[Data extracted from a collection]
______________________________

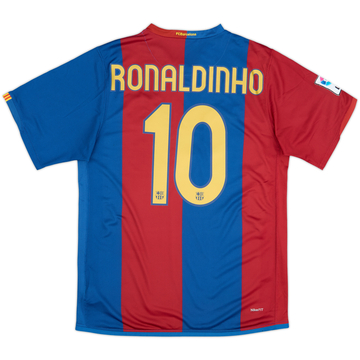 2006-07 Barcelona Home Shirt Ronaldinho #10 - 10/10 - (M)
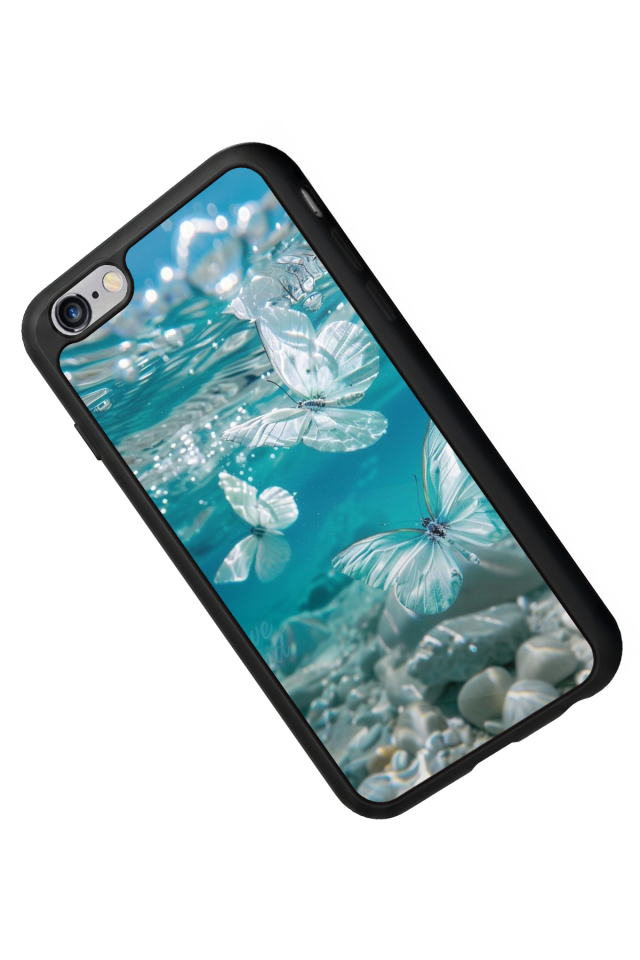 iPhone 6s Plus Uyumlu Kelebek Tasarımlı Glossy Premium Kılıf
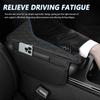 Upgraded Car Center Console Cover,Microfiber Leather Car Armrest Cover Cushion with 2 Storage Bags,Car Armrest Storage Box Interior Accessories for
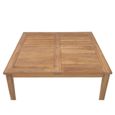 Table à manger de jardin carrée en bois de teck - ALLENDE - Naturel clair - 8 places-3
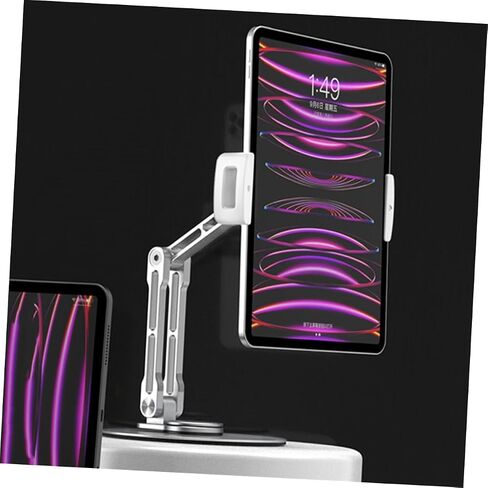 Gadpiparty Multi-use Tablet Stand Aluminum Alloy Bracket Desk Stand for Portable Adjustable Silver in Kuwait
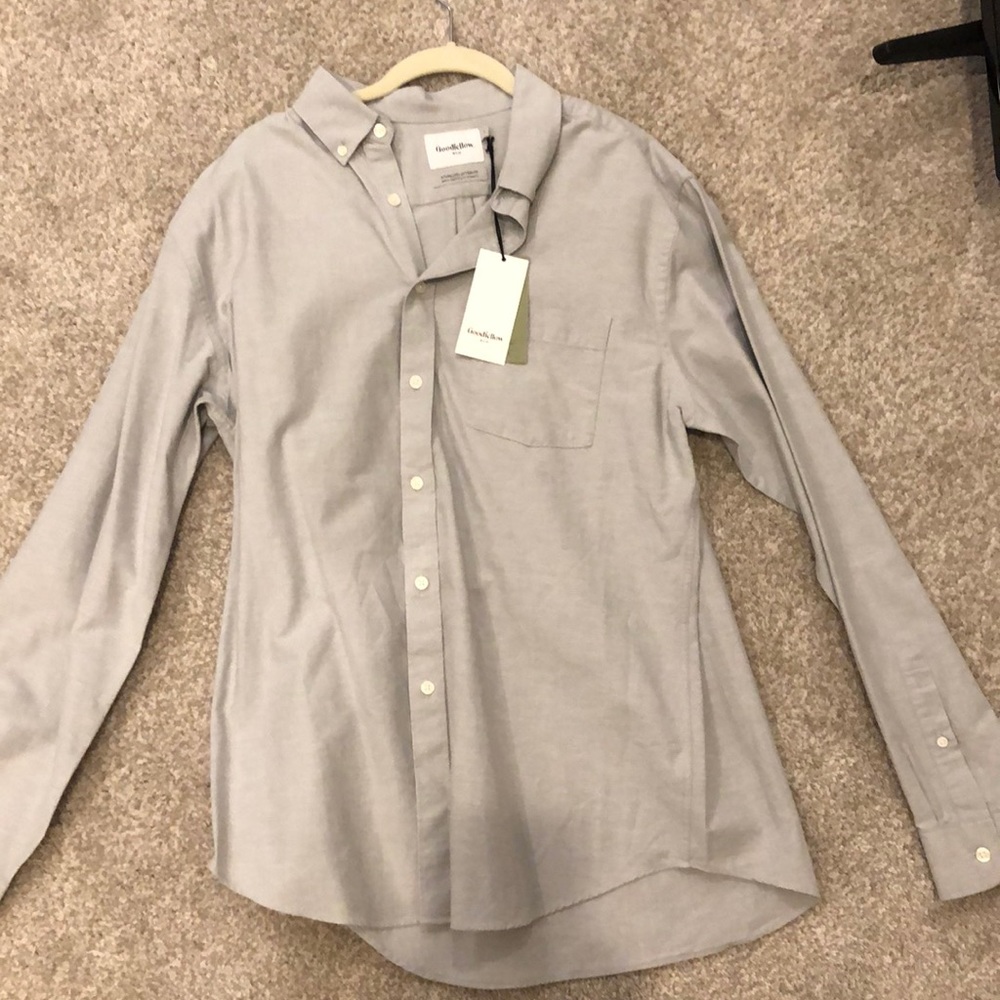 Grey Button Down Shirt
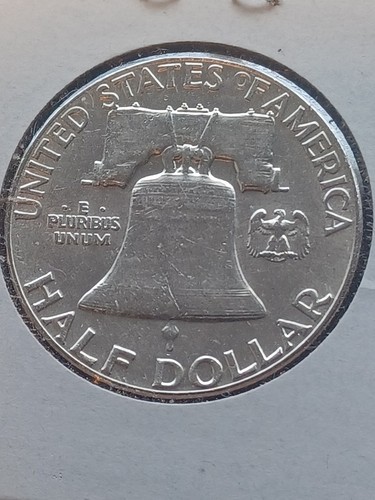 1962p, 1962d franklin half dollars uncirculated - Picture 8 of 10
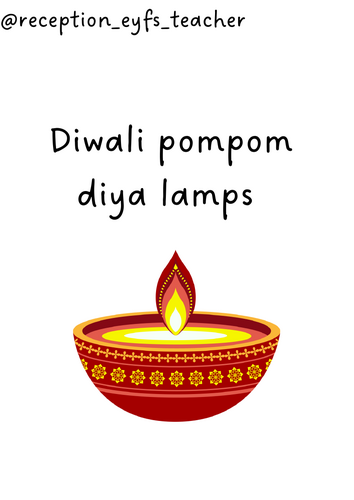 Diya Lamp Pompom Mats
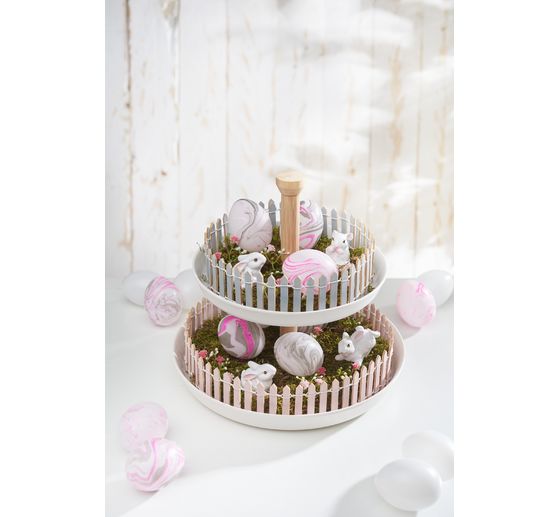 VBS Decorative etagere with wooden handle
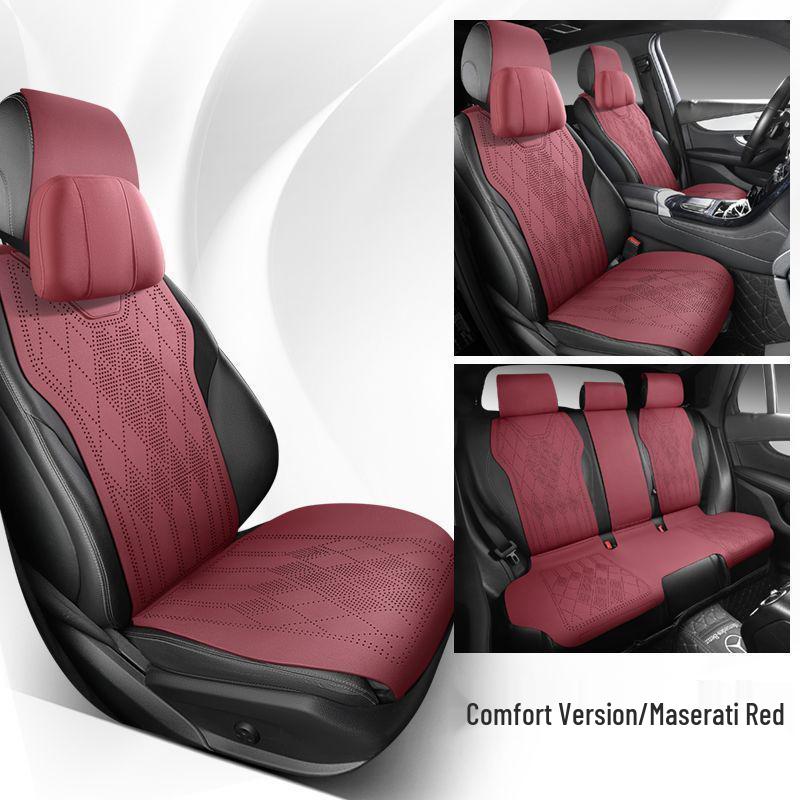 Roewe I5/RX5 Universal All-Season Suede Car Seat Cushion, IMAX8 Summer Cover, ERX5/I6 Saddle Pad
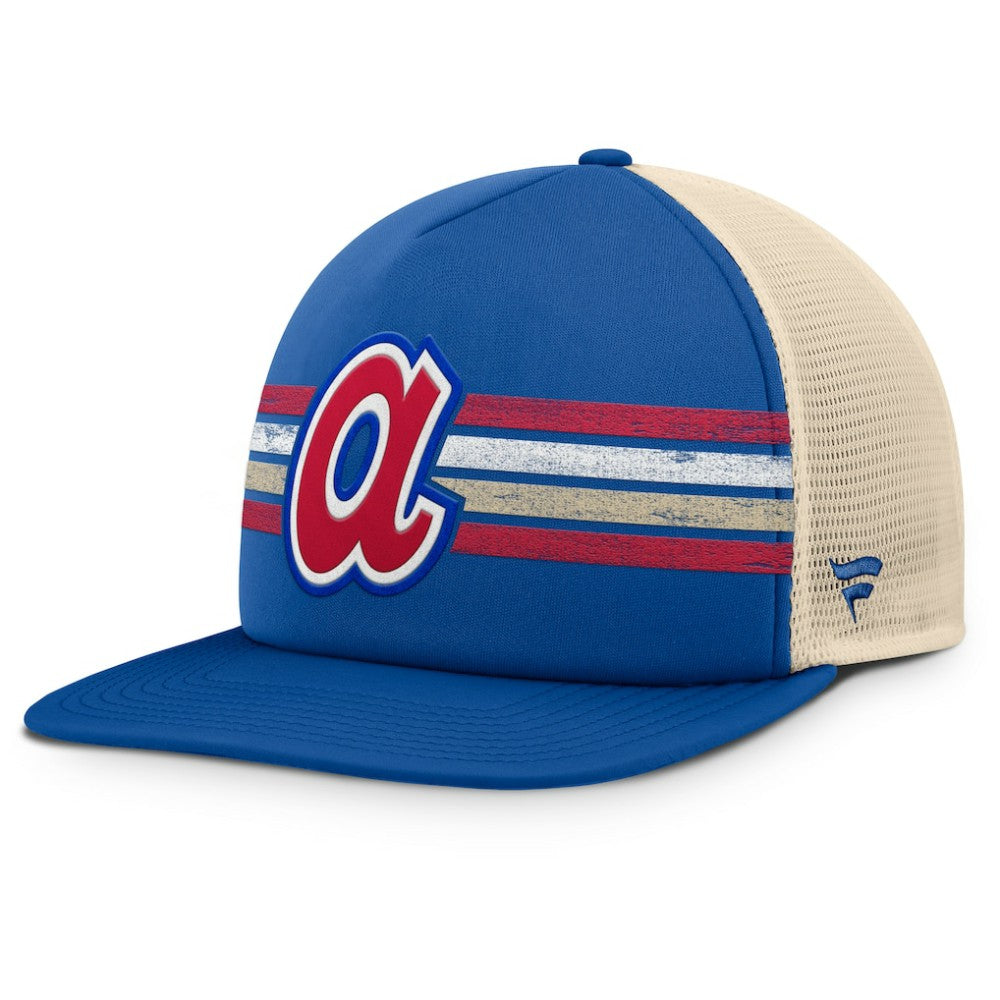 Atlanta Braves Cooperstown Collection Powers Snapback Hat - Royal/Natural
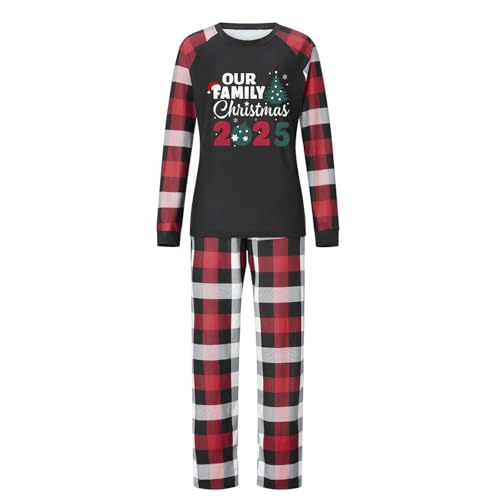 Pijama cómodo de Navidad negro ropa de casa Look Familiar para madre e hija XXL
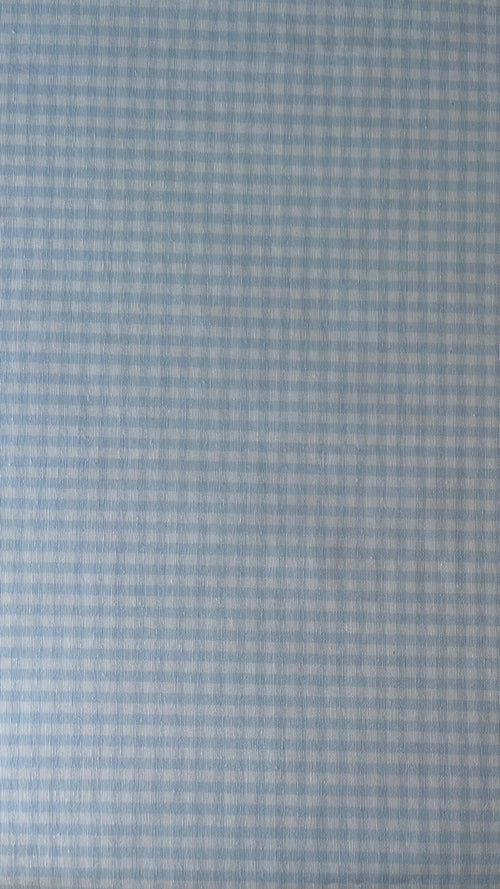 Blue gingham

______________________________

**Your task**: Take only the line containing "Upgraded Car Center" and every line after it to the end of the entries, and copy them exactly, pictures excluded.

**Task response**:
 Upgraded Car Center Console Cover,Microfiber Leather Car Armrest Cover Cushion with 2 Storage Bags,Car Armrest Storage Box Interior Accessories for
 Table à manger de jardin carrée en bois de teck - ALLENDE - Naturel clair - 8 places-3
 Gadpiparty Multi-use Tablet Stand Aluminum Alloy Bracket Desk Stand for Portable Adjustable Silver in Kuwait
 Grey Button Down Shirt
 1962p, 1962d franklin half dollars uncirculated - Picture 8 of 10
 Diya Lamp Pompom Mats
 VBS Decorative etagere with wooden handle
 Roewe I5/RX5 Universal All-Season Suede Car Seat Cushion, IMAX8 Summer Cover, ERX5/I6 Saddle Pad
 Atlanta Braves Cooperstown Collection Powers Snapback Hat - Royal/Natural
 Pijama cómodo de Navidad negro ropa de casa Look Familiar para madre e hija XXL
 Blue gingham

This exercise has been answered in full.